Jim Williams (35:38): Yeah, it’s, it’s definitely the case of drink your Own Champagne, but it’s challenging. You know the company formally known as the artist, formally known as Brand Makers, is really the combination of three organizations, Brand maker, which has its roots in Europe, actually in Germany, you know, very strong player and marketing, resource management ot of cus, lot of B2C customers, consumer brands, global brands, Acadia, which is a company that was much more B2B focused, much more mid-market, real specialization around financial management and budgeting. And then High Nine, which is of, of the, of the three companies, a startup really oriented towards marketing, performance management and the planning side. So you, you take these three and stick ’em together, and suddenly you realize that,  you know, you put brandmaker on the name of the company, then people have a set interpretation for what it is the company delivers. And the same with any of these, it made sense for us to combine and rebrand as a new company up tempo. And I think the word up tempo speaks a lot to many of the concepts we just talked about. You know, visibility, speed, and agility, right? This idea of, hey, it’s not just about managing resource, not just about efficiency. It’s about being more effective from a marketing perspective. How can you get to market faster? How can you move quicker? How can you pivot quickly? That’s the notion behind the name of tempo. 

Frans Riemersma (37:06): I like that, that really resonates with acceleration, right? 

Jim Williams (37:09): Yeah. It’s the idea, kick it up a notch. Now, I’m not a musical guy myself, but I do like the analogy of the up tempo beat <laugh>. 

Frans Riemersma (37:17): Yeah, I I like that. Yeah, we should. And we have to speed up things, you know, more quickly, you know, you can’t always plan that far ahead. , so I really like that up tempo. One of the things when people ask me, so we should buy a tool that, you know, is future proof. , I don’t know what future means to you or others, but you know, we can’t loop beyond three years window. So, and that doesn’t apply only to technology. It’s about life. It’s your family, it’s your technology, it’s your campaign strategy. It’s, it’s just hard. And, and why would we try to mortgage the future? You can’t. So, you know, up tempo, make sure that you deliver fast and learn fast. 

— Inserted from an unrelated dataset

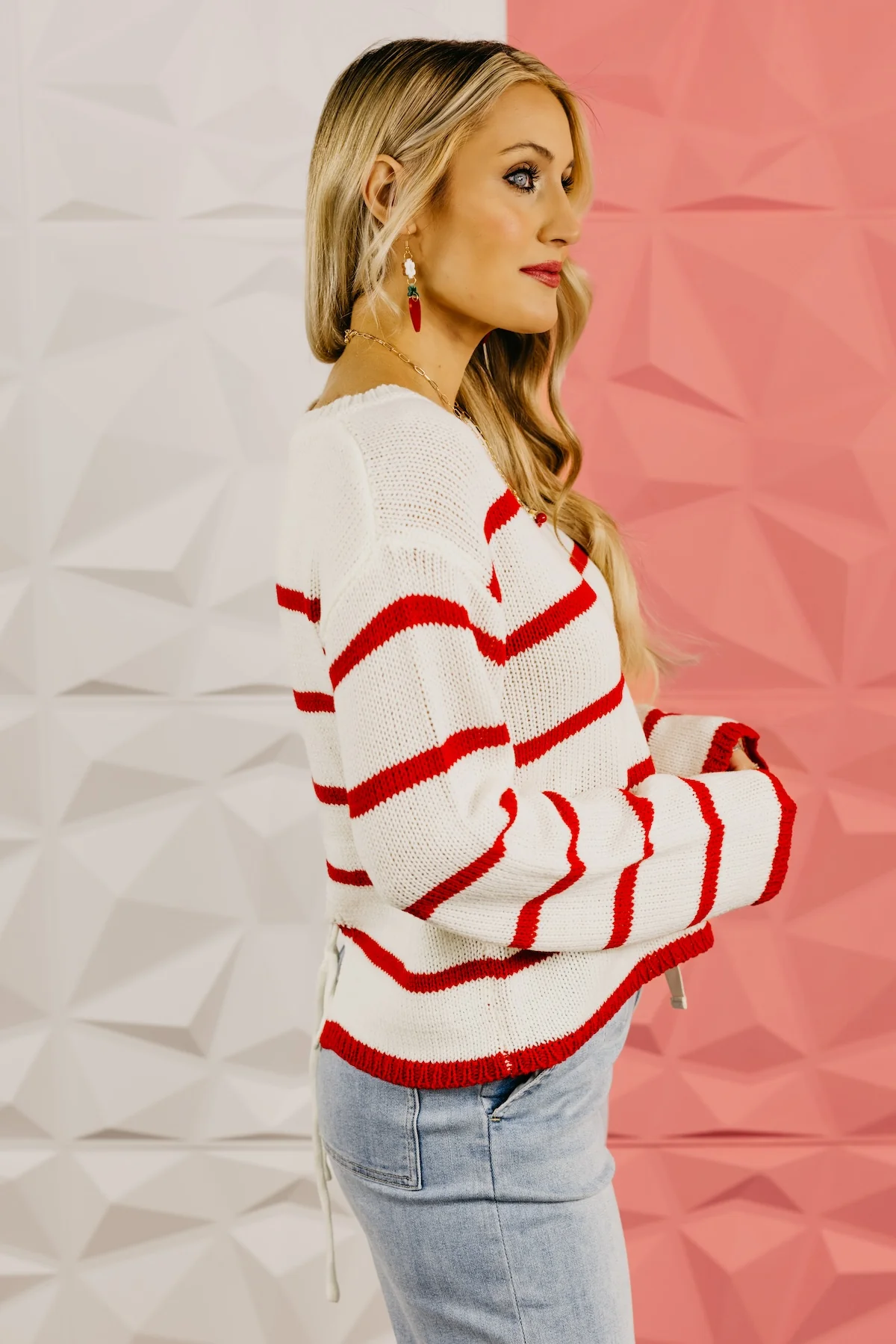 The Alejandro Tie Back Sweater - Image 13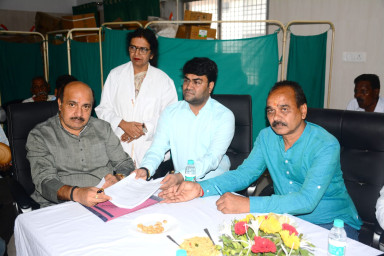 Jabalpur News: छावनी परिषद के मोतीलाल नेहरू अस्पताल का जल्द होगा उन्नयन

Jim Williams (37:59): That’s exactly right. I think, I think that’s, that’s the idea behind it. Again, interesting project from a marketing point of view, not the, not the most data driven of things that you do in market <laugh>, it’s a lot of subjectivity. But that’s the direction we’re going. Sounds, I think, I think we can wrap. Look, I think just, this was a great conversation. I learned a lot. , I really appreciate your perspective that you bring on marketing ops and Martech and especially, and this notion of 1.0 versus 2.0 and your bombastic predictions for the, the, for the future of marketing operations. I agree with them and I don’t, they don’t even seem that bombastic to me based on all the examples we chatted about.  

Frans Riemersma (38:45): I think it makes sense if you look at the future, but future will. So thank you so much for having me. I love the conversation and, and looking forward to many more of these. 

Jim Williams (38:54): You got it. Thanks France. Appreciate it. Have a great day.